Now they lost that kind of representation on the school board, followed by redistricting thanks to McKay and the board of supervisors, that split their representation from Springfield district to Providence, where the primary school board representation is on Lewis and not their zoned high school, West Springfield.

I think many in that part of West Springfield are going to end up regretting the day they voted on local offices because of national politics. They basically voted against their own interests, particularly with regards to school rezoning.

Fair enough, but, just to reiterate:

Not a single school board candidate ran on a redistricting platform. That they feel they somehow have a mandate to do this is very misplaced.

No school board candidate anywhere would get elected by running on a redistricting platform.
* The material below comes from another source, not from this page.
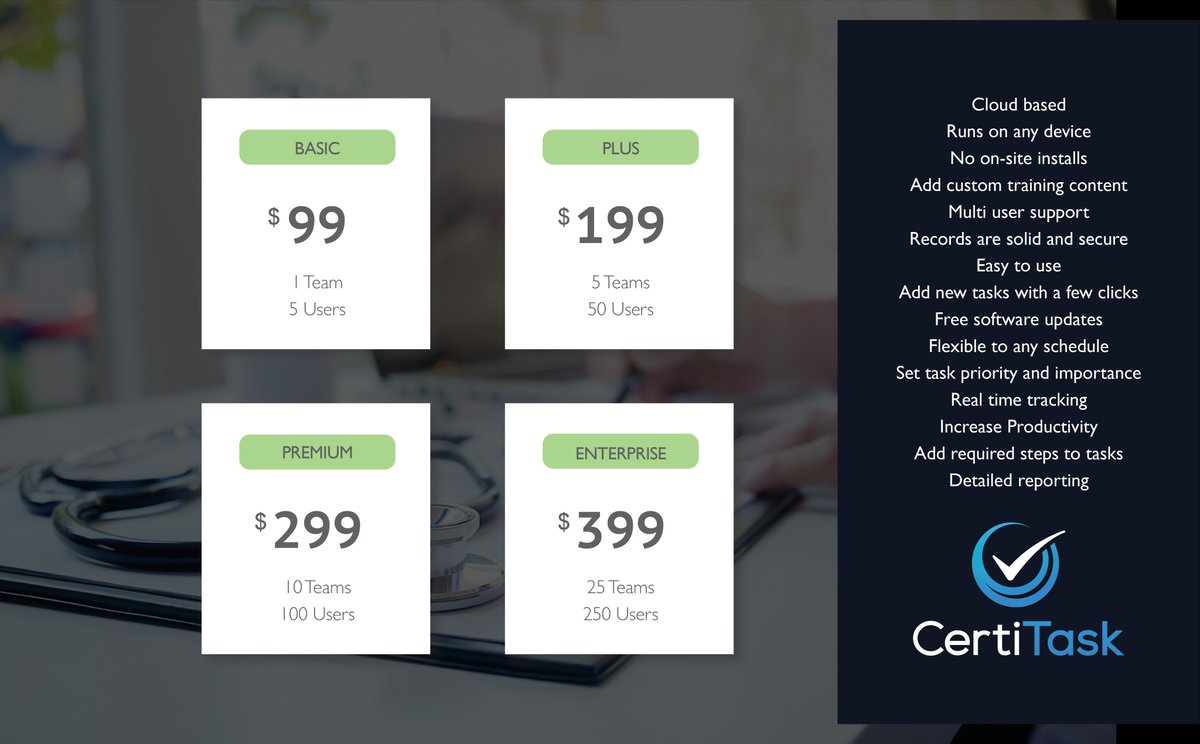 CertiTask's tweet image.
It is a necessary evil that school boards loathe to do - everywhere. FCPS punting it down the road for so many decades, it is now needed. An overall comprehensive change makes the most sense. It will not be popular - they never are.


We should ask Terry McAuliffe how successful your line of thinking is: Parents and constituents don’t want redistricting? Well, I’m smarter than they are and I know better than they do, so I’m just going to do it anyway.

Also, you say redistricting is now needed. Your view is in the extreme minority in the county.


Let's assume that parents keep stuffing their kids into West Springfield (already over capacity). Should we expand WS again before using the available
Space at Lewis? That is not a reasonable thing to do and parents don't get everything they want.


Surely you have this all figured out. I bestow on you the title of FCPS emperor to do your will over the objection of any and all FCPS parents and constituents.

You sound exactly like McAuliffe.

It's just simple logic and fiscal responsibility. Would you have a cap on how big WS could become?


Since you aren't zoned for West Springfield, it doesn't really matter or affect you as to how big the school is.

It is weird to have a fixation on the size of a school you are not zoned for, which doesn't affect you in any way, and where parents of students actually attending the school are not complaining aboht the size or asking to be rezoned.

At some point, your obsession with that school sounds a lot like vengeance and wanting to stick it to people who made other choices with their housing purchases, as well as wanting to disrupt the lives of other people's kids for something that does not affect you one iota.


It impacts taxpayers and neighboring schools. Perhaps your selfish views don't see that. Utilization of existing capacity is supposed to be one of the reasons to change boundaries - specifically so you don't build space you don't need at taxpayer expense. This is why the West Potomac boondoggle was so blatantly wrong. There was plenty of room at Mt. Vernon.


Perhaps your selfish views can't expand to understand that FC residents settled into the neighborhoods that they did based on the schools they were districted to.


Citizens of Fairfax are of course free to make those personal decisions and have opinions about where they believe they should attend, but FCPS is very clear that they do not make any guarantees. Straight from their boundary website:
"Please note that school boundaries are reevaluated each year and may be adjusted by the School Board. FCPS provides no guarantee that any residential address will continually be served by the same elementary, middle, and/or high school(s) or AAP center(s)."

FCPS is tasked with educating the public at large and pyramids certainly don't exist in isolation. This isn't about WS vs. Lewis or Langley vs. Herndon. If certain policies are harming the ability to run a good system then that needs to be addressed. And again this entire 'holistic' review isn't only about boundaries but also program placement and availability which undeniably needs to be evaluated.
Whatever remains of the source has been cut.